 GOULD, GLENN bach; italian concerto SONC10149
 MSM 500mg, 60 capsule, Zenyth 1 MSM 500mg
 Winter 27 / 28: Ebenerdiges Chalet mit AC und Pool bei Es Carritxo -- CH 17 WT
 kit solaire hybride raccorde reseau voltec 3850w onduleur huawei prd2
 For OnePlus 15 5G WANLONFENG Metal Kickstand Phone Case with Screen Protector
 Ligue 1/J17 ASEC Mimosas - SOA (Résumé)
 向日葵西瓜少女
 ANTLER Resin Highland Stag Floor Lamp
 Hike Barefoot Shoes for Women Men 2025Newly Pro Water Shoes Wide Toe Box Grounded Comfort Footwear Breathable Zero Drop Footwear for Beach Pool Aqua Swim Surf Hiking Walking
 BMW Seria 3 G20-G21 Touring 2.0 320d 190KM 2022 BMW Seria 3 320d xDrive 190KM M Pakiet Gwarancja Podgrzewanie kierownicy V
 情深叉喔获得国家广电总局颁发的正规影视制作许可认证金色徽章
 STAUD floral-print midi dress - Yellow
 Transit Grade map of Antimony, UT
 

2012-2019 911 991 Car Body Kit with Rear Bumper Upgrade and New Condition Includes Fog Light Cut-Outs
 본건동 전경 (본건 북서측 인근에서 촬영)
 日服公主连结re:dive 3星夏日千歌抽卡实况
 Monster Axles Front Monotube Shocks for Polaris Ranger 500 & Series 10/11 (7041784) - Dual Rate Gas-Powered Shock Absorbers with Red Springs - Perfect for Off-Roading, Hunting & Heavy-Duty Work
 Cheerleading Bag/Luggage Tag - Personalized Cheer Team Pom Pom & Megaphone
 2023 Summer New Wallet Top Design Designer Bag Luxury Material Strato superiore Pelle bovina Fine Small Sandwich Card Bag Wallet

What you have to do => Return exactly the lines in the records above, beginning with the one that holds "Transit Grade map of Antimony, UT" and ending with the last.

Written solution =>
 Transit Grade map of Antimony, UT
 

2012-2019 911 991 Car Body Kit with Rear Bumper Upgrade and New Condition Includes Fog Light Cut-Outs
 본건동 전경 (본건 북서측 인근에서 촬영)
 日服公主连结re:dive 3星夏日千歌抽卡实况
 Monster Axles Front Monotube Shocks for Polaris Ranger 500 & Series 10/11 (7041784) - Dual Rate Gas-Powered Shock Absorbers with Red Springs - Perfect for Off-Roading, Hunting & Heavy-Duty Work
 Cheerleading Bag/Luggage Tag - Personalized Cheer Team Pom Pom & Megaphone
 2023 Summer New Wallet Top Design Designer Bag Luxury Material Strato superiore Pelle bovina Fine Small Sandwich Card Bag Wallet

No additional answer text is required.